START Material for this exercise

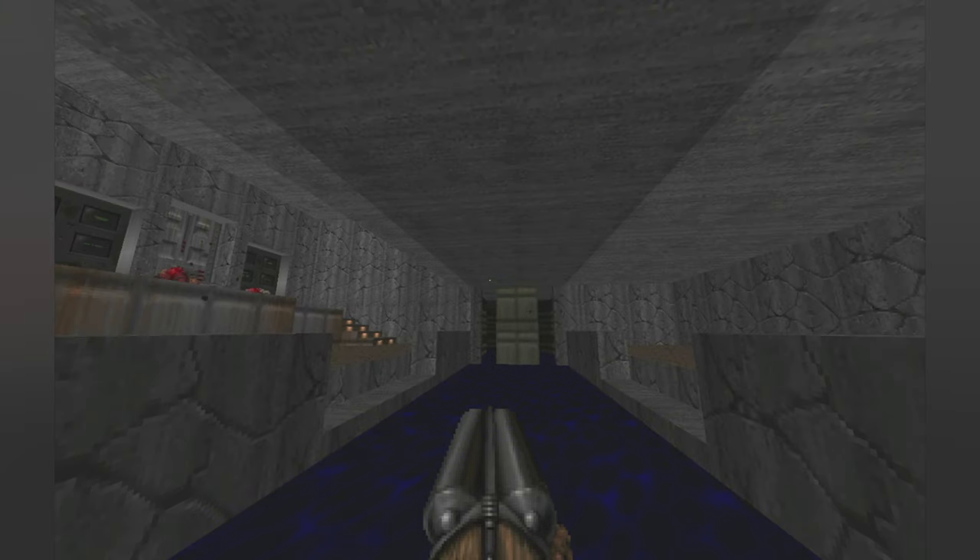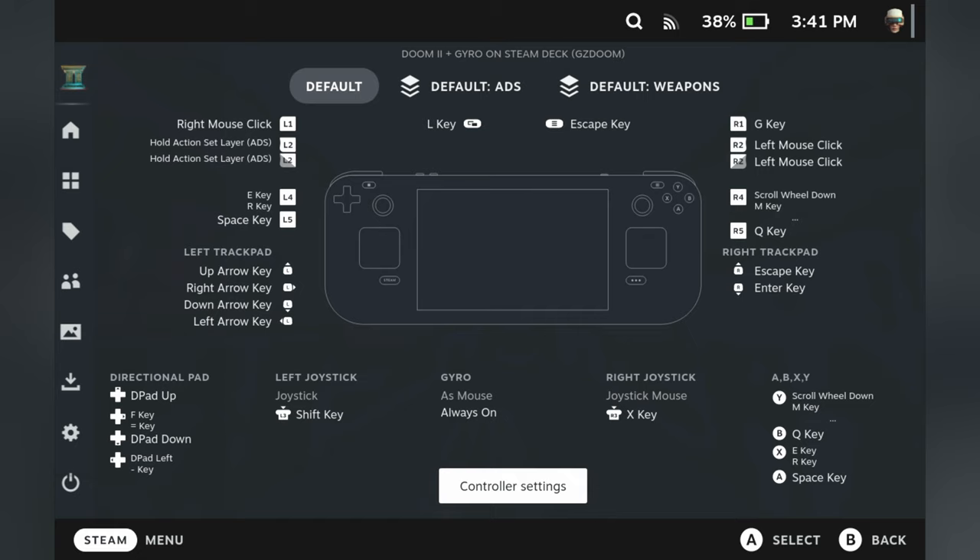So I guess this is kind of it. The button layout is really down to preference, but the most important part is the gyro and its utilization. I cannot imagine playing any game anymore, especially on the Steam Deck, without gyro enabled to help me aim. I highly recommend you check this out. If you have any questions, leave a comment and I'll see if I can help. Good luck and have fun!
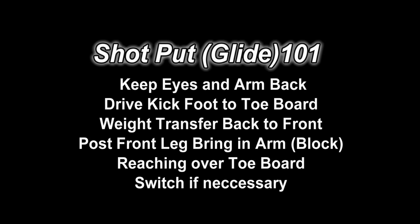Today we're going to be talking about gliding the shot put 101. We're going to be talking about keeping your eyes and arm back, drive kicking that foot to the toe board hard, weight transferring from that back foot to the front foot, knowing how to pose from that front leg, bringing in that arm, the block, reaching over that toe board to give you the extra couple feet, and then switching your feet to catch yourself.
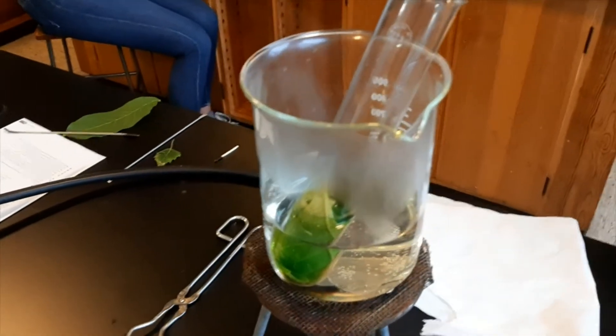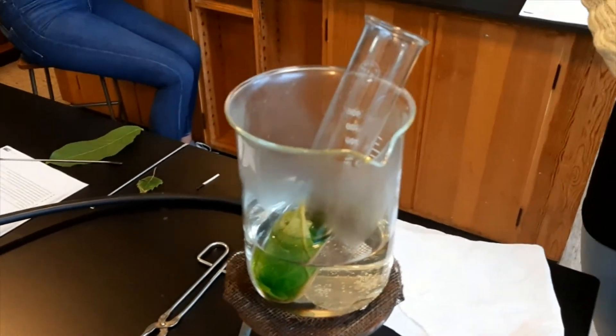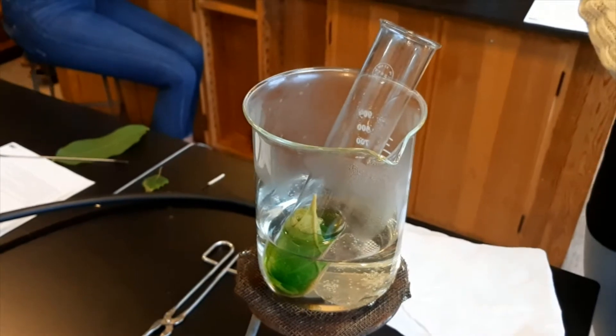Now the leaf has been here for six minutes, so my highly skilled students will take out the leaf.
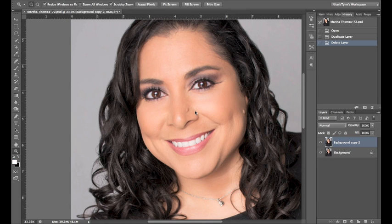We have our image open here and I'm assessing the image. I see that she has some shine in this area, a little bit on the tip of her nose, a little bit on the forehead. Now with images that have more shine, this also works.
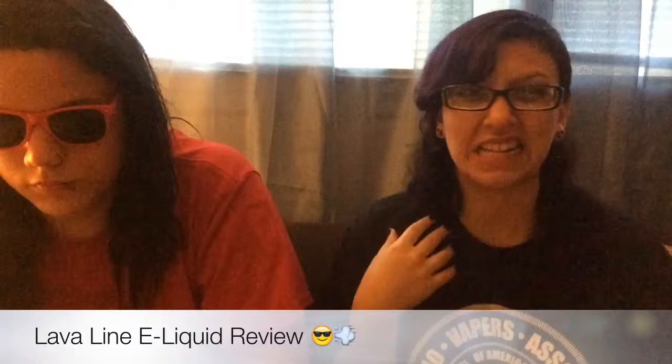Hello, all you Vapors and VapeBets. Yet again it's Harmony and Brandon, and welcome to another segment of Two Different Vapors. Y'all aren't here for the intro, you're here for the juice. Speaking of juice, we've been gone for a while because we haven't really had any to review. But now we do, so we are back.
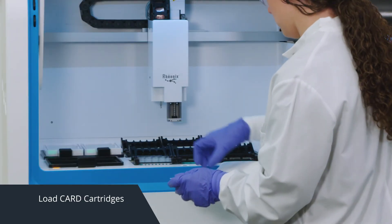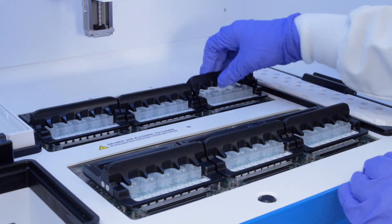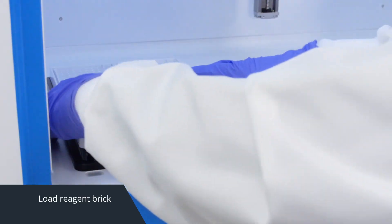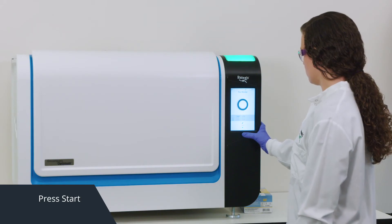Load the sample rack onto the workstation. Load three or six card cartridges into the modules. Each cartridge processes up to four samples. Load the reagent brick and close the door. The workstation will do a short pre-run check to ensure components are properly loaded.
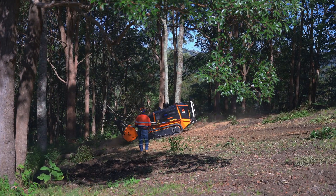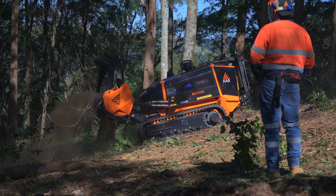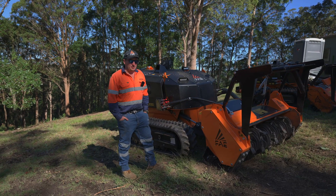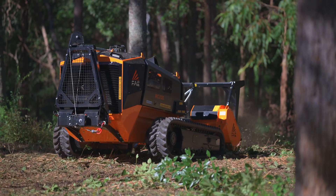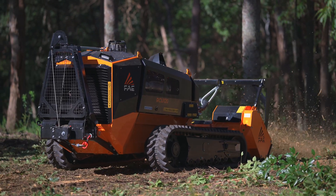The RCU 120 stands for 120 horsepower, so it's a lot bigger than its younger brother. It comes standard with a BL4 Sonic, which is an absolute game changer. This machine is so powerful at ploughing through trees as you've just seen. It's unbelievable.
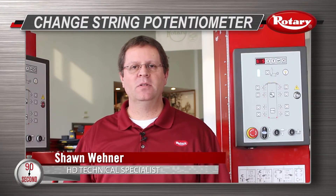Hi, I'm Sean Wainer at Rotary Headquarters in Madison, Indiana. I'm going to show you how to change a string potentiometer in a mobile column lift.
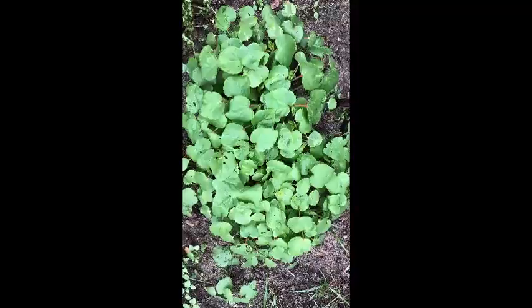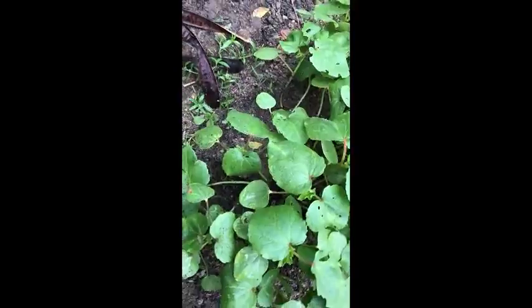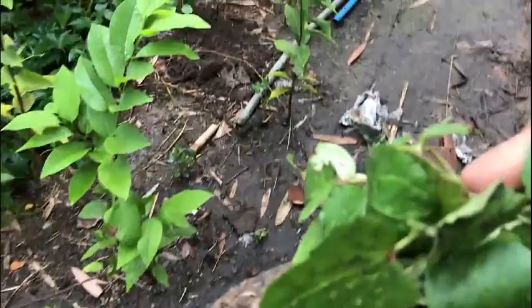Nagtatagal siya ng months — 3 months, 4 months, hanggang 6 months, kung inaalagaan mo lang siya ng mabuti. Kasi matagal siyang mamatay — dilig-diligan mo lang siya, sobrang tanda na ng puno niya, nalagyan mo lang siya ng organic fertilizer, okay siya. Bunga lang siya ng bunga.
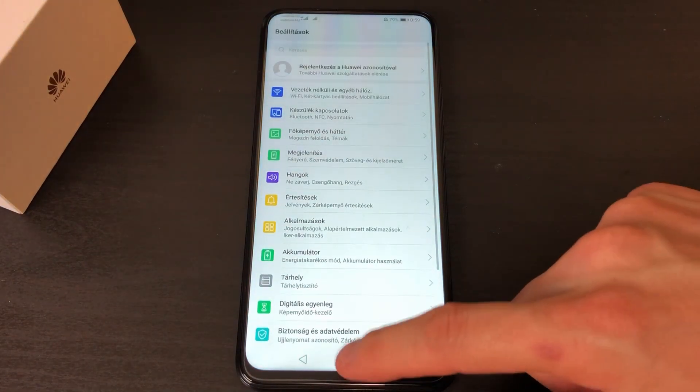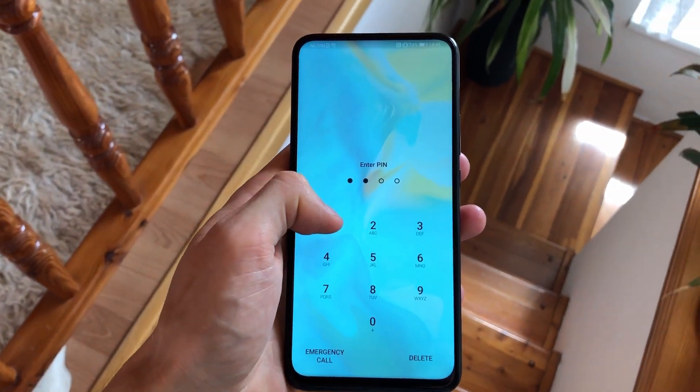Hey guys, it's TechZert again. My name is Steve and in this video I'm going to speak about the Huawei P Smart Z, which is a notchless mobile phone with a pop-up camera. I would like to tell you different things like usability, battery, application lags, and for example, is it comfortable to sit with the phone in your pocket or not. I've used the phone for almost two weeks, so I will tell you my experiences.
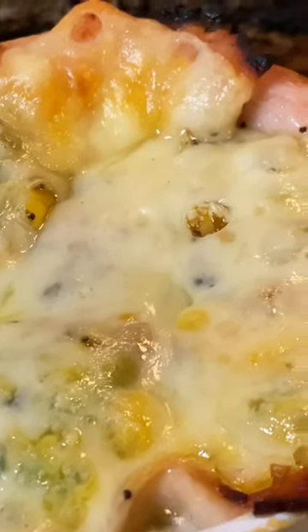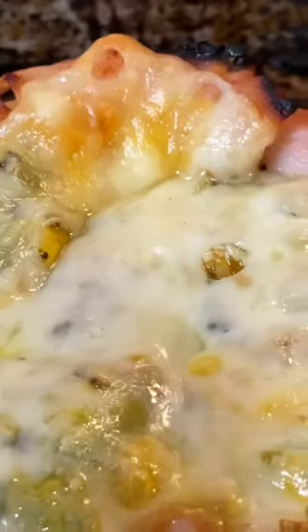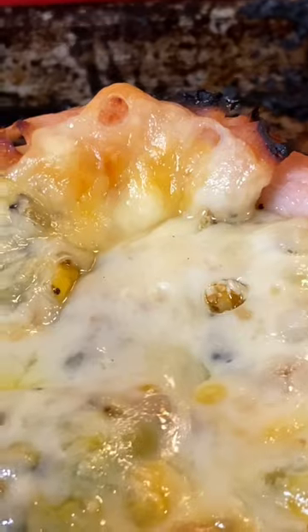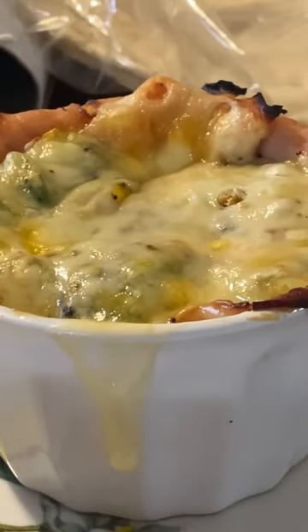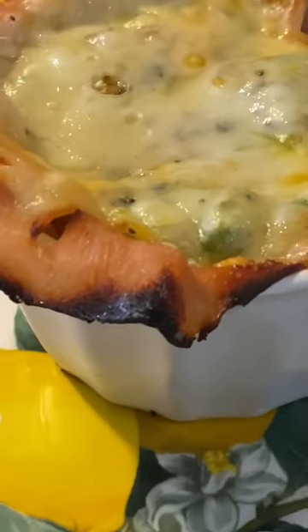A lovely little pot pie in the ramekin — it has the turkey crust, tomatoes and avocados, cheddar jack cheese, everything bagel seasoning with jalapeño, and I topped it with a slice of swiss cheese as well. Here it is plated and ready to eat.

END Material for this exercise

Output all of the entries verbatim, leaving out any images.

So I guess this is kind of it. The button layout is really down to preference, but the most important part is the gyro and its utilization. I cannot imagine playing any game anymore, especially on the Steam Deck, without gyro enabled to help me aim. I highly recommend you check this out. If you have any questions, leave a comment and I'll see if I can help. Good luck and have fun!
Today we're going to be talking about gliding the shot put 101. We're going to be talking about keeping your eyes and arm back, drive kicking that foot to the toe board hard, weight transferring from that back foot to the front foot, knowing how to pose from that front leg, bringing in that arm, the block, reaching over that toe board to give you the extra couple feet, and then switching your feet to catch yourself.
Now the leaf has been here for six minutes, so my highly skilled students will take out the leaf.
We have our image open here and I'm assessing the image. I see that she has some shine in this area, a little bit on the tip of her nose, a little bit on the forehead. Now with images that have more shine, this also works.
Hello, all you Vapors and VapeBets. Yet again it's Harmony and Brandon, and welcome to another segment of Two Different Vapors. Y'all aren't here for the intro, you're here for the juice. Speaking of juice, we've been gone for a while because we haven't really had any to review. But now we do, so we are back.
Load the sample rack onto the workstation. Load three or six card cartridges into the modules. Each cartridge processes up to four samples. Load the reagent brick and close the door. The workstation will do a short pre-run check to ensure components are properly loaded.
The RCU 120 stands for 120 horsepower, so it's a lot bigger than its younger brother. It comes standard with a BL4 Sonic, which is an absolute game changer. This machine is so powerful at ploughing through trees as you've just seen. It's unbelievable.
Hi, I'm Sean Wainer at Rotary Headquarters in Madison, Indiana. I'm going to show you how to change a string potentiometer in a mobile column lift.
Nagtatagal siya ng months — 3 months, 4 months, hanggang 6 months, kung inaalagaan mo lang siya ng mabuti. Kasi matagal siyang mamatay — dilig-diligan mo lang siya, sobrang tanda na ng puno niya, nalagyan mo lang siya ng organic fertilizer, okay siya. Bunga lang siya ng bunga.
Hey guys, it's TechZert again. My name is Steve and in this video I'm going to speak about the Huawei P Smart Z, which is a notchless mobile phone with a pop-up camera. I would like to tell you different things like usability, battery, application lags, and for example, is it comfortable to sit with the phone in your pocket or not. I've used the phone for almost two weeks, so I will tell you my experiences.
A lovely little pot pie in the ramekin — it has the turkey crust, tomatoes and avocados, cheddar jack cheese, everything bagel seasoning with jalapeño, and I topped it with a slice of swiss cheese as well. Here it is plated and ready to eat.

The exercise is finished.